What will happen to the half-million-plus long-haul truckers, shorthaul deliverers, couriers, taxi drivers, bus operators, not to count all those who feed off the transportation system — highway patrol officers, emergency services responders, automobile salespeople, insurance brokers and parking lot attendants — whose jobs will no longer exist?

It’s difficult not to just sit back and enjoy your ride into Brian Flemming’s no-longer-fanciful, Jetson-esque AV future. (See: Let’s Do Lunch)

Enjoy it or not, however, that future is bearing down on us like a runaway 18-wheeler. (Speaking of which, Mercedes Benz is currently test-driving driver-less trucks on highways in Nevada.) According to a report Flemming co-authored last year, major automakers will be selling us fully autonomous cars in less than 10 years.

But Flemming is not simply trumpeting the future. He is also sounding an alarm.

In part, it’s about infrastructure thinking. This past summer, the Nova Scotia government issued a request for proposals. The goal: raise $1.5 billion for a “once-in-a-generation set of mega-projects,” including twinning eight sections of 100-series highways. But what if those projects won’t be drive-ready for another 15 years and will have been built to last 30 years after that? What if we no longer need that capacity? What then?

Perhaps socially more significant, what will happen to the half-million-plus long-haul truckers, shorthaul deliverers, couriers, taxi drivers, bus operators, not to count all those who feed off the transportation system — highway patrol officers, emergency services responders, automobile salespeople, insurance brokers and parking lot attendants — whose jobs will no longer exist?

“Let me remind you of a few of the occupations that have disappeared in my long lifetime,” Flemming recently reminded a truckers’ convention. “Elevator operators, gas station attendants, movie theatre ushers, telephone switchboard operators, grocery-store-bag takeout people, drugstore delivery boys, linotype operators, door-to-door salespeople of everything from encyclopedias to insurance, key-punch operators and many others too numerous to list.”

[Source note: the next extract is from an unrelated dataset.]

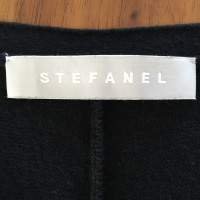 Stefanel Oversized knitted cardigan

Some of those changes — most of them, in fact — have ultimately been positive.

I will never recover the years I lost to lunch-hour bank line-ups waiting to deposit a cheque, or pay a bill, or get cash. I am grateful for 24-hour ATMs, electronic bill payments and — my most recent discovery — the unexpected thrill of using my cellphone camera to deposit a cheque.

And yet, I also know this “progress” comes at a huge cost — especially to bank employees but others too, like postal workers, whose lives have been disrupted by change. I know too that neither the corporations that employed them nor the society that benefited from their labour has done nearly enough to help the displaced retrain and transition to the new world order. Meanwhile, bank profits have never been fatter.

There are winners — and losers.

So who should be responsible for managing, and paying for, transition at a time when change — much of it driven by technology and its exponentially ever expanding possibilities, not to forget the bottom-line imperatives of those promoting the shinier and newer — has become the thumping, insistent accompaniment to our lives?

It’s a question we need to answer. Before the future runs us over. Again.